_Exercise details_. Pictures aside, repeat every record below exactly.

_Supplied data_.
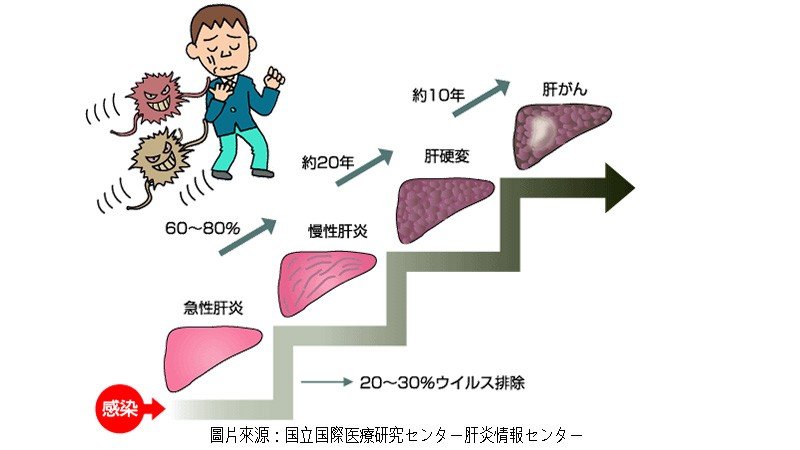 C型肝炎知多少？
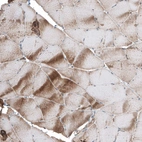 Immunohistochemical staining of human skeletal muscle shows moderate cytoplasmic positivity in myocytes.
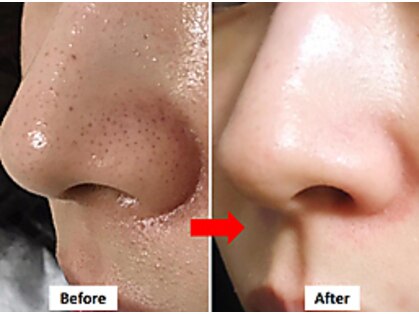 ライム 札幌(LIME)の写真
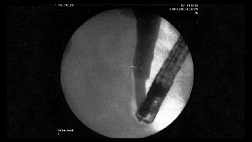 Баллонная дилатация сфинктера Одди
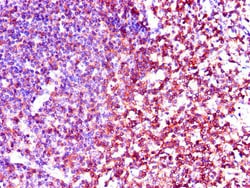 Invitrogen LCK Polyclonal Antibody 100 &mu;g; Unconjugated:Antibodies,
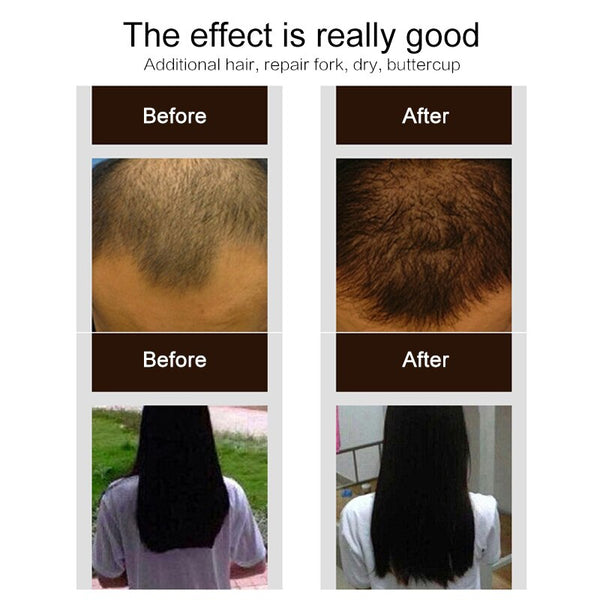 Purc 30ml Hair Growth Spray Natural Ginger Essence Spray Effective Extract Anti Hair Loss Nourish Root Hair Care Treatment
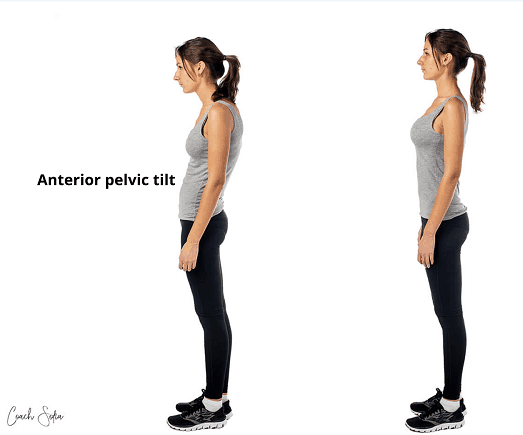 anterior pelvic tilt weak gluteus maximus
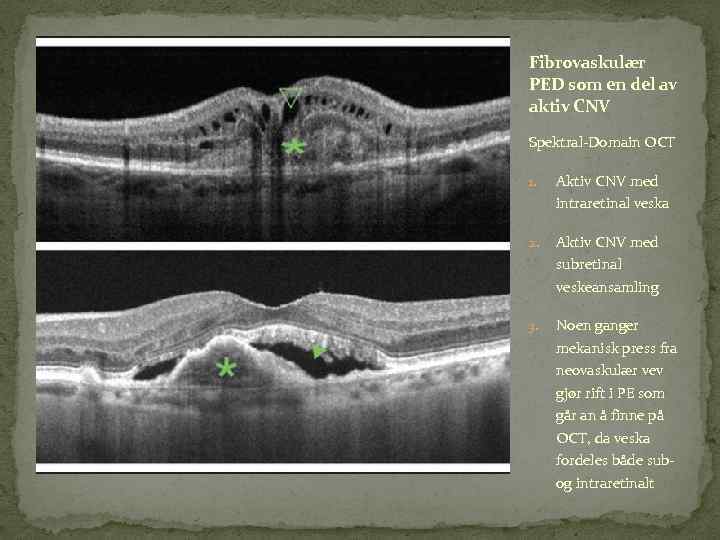 Fibrovaskulær PED som en del av aktiv CNV Spektral-Domain OCT 1. Aktiv CNV med
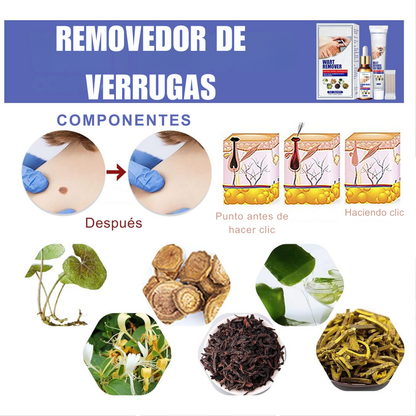 Compra HOY Wart Remove Cream y Recibe un Kit Completo!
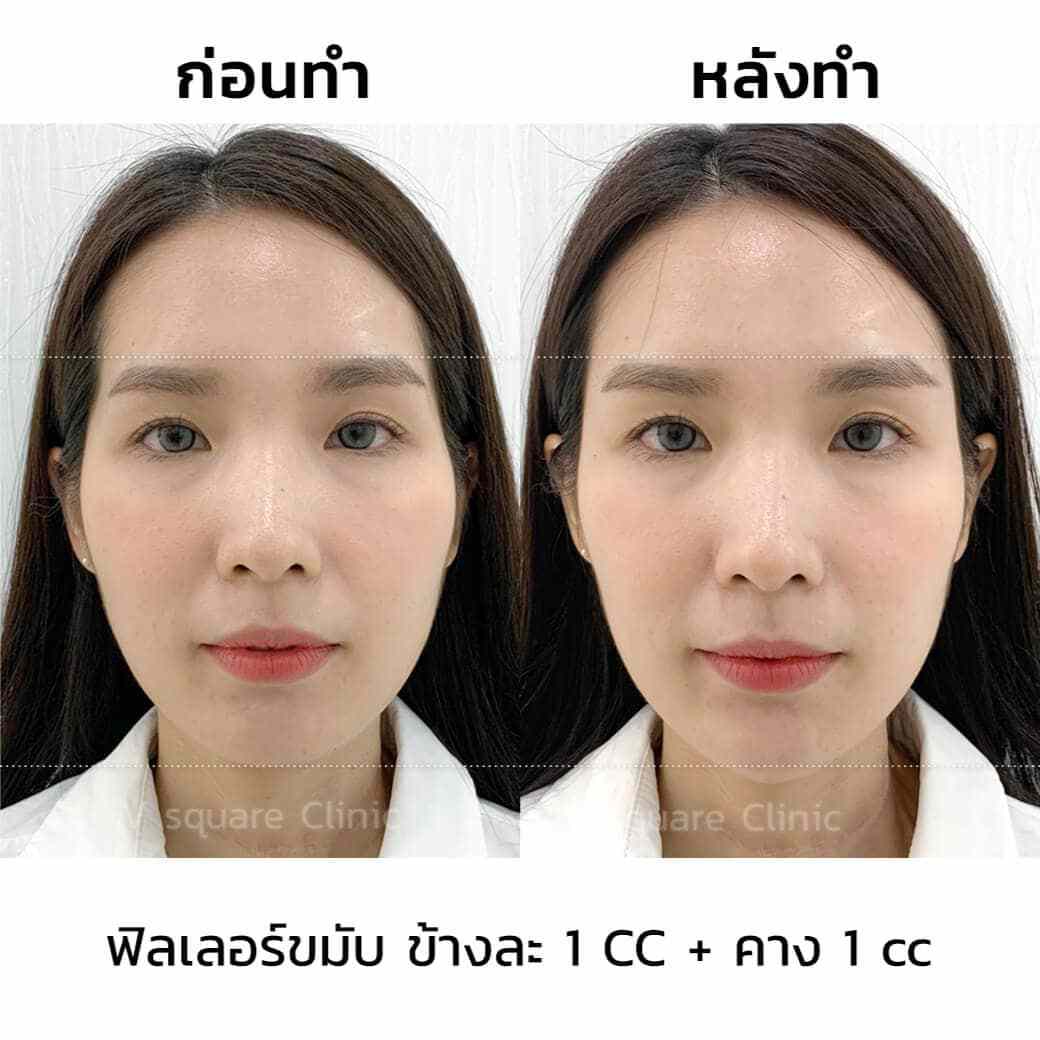 รีวิวฟิลเลอร์คาง 1CC เปรียบเทียบก่อน-หลังทำ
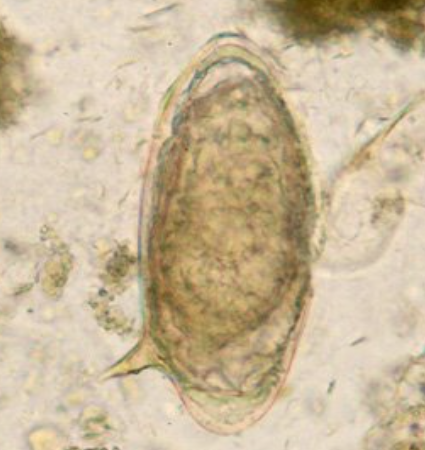 <p><span style="background-color: rgba(0, 0, 0, 0); line-height: 19.7625px;">What is the species in this photo? What type of egg? How do you get infected with it?</span></p>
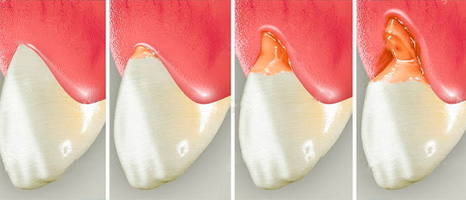 Клиновидный дефект зуба - картинка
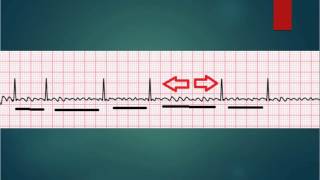 ECG Basics A fib [upl. by Deelaw203]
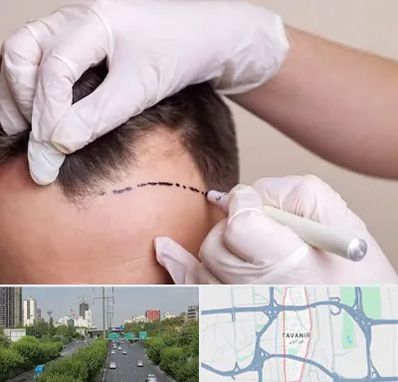 کاشت مو به روش SUT در توانیر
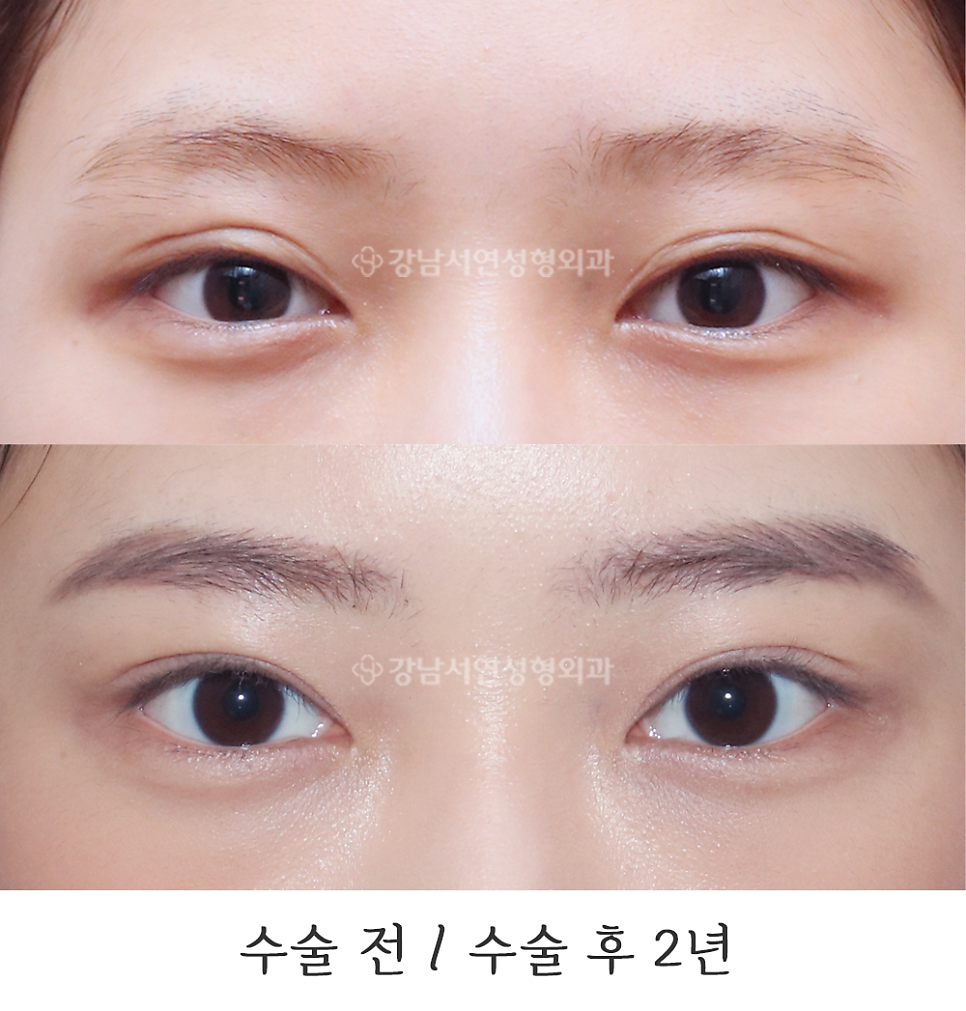쌍꺼풀 재수술 전후 비교 사진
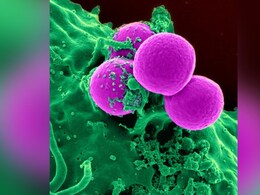 Scientists Unveil 'Conan The Bacterium's' Secret Weapon For Surviving Deadly Radiation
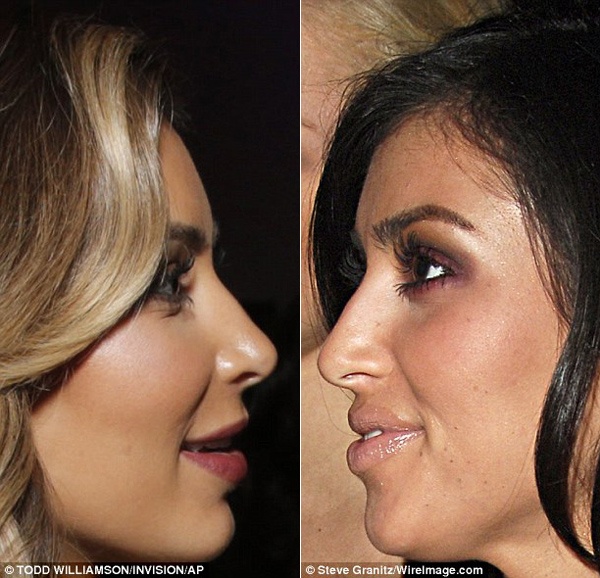 Kim ‘sieu vong 3’ lo mui dao keo thon gon hinh anh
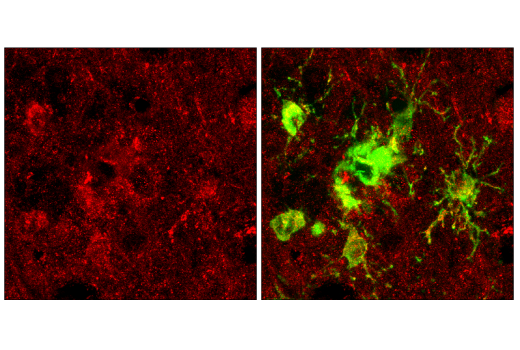 Immunofluorescence Image 2: PICALM (E3J9R) Rabbit mAb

_Output of the task_.
 C型肝炎知多少？
 Immunohistochemical staining of human skeletal muscle shows moderate cytoplasmic positivity in myocytes.
 ライム 札幌(LIME)の写真
 Баллонная дилатация сфинктера Одди
 Invitrogen LCK Polyclonal Antibody 100 &mu;g; Unconjugated:Antibodies,
 Purc 30ml Hair Growth Spray Natural Ginger Essence Spray Effective Extract Anti Hair Loss Nourish Root Hair Care Treatment
 anterior pelvic tilt weak gluteus maximus
 Fibrovaskulær PED som en del av aktiv CNV Spektral-Domain OCT 1. Aktiv CNV med
 Compra HOY Wart Remove Cream y Recibe un Kit Completo!
 รีวิวฟิลเลอร์คาง 1CC เปรียบเทียบก่อน-หลังทำ
 <p><span style="background-color: rgba(0, 0, 0, 0); line-height: 19.7625px;">What is the species in this photo? What type of egg? How do you get infected with it?</span></p>
 Клиновидный дефект зуба - картинка
 ECG Basics A fib [upl. by Deelaw203]
 کاشت مو به روش SUT در توانیر
쌍꺼풀 재수술 전후 비교 사진
 Scientists Unveil 'Conan The Bacterium's' Secret Weapon For Surviving Deadly Radiation
 Kim ‘sieu vong 3’ lo mui dao keo thon gon hinh anh
 Immunofluorescence Image 2: PICALM (E3J9R) Rabbit mAb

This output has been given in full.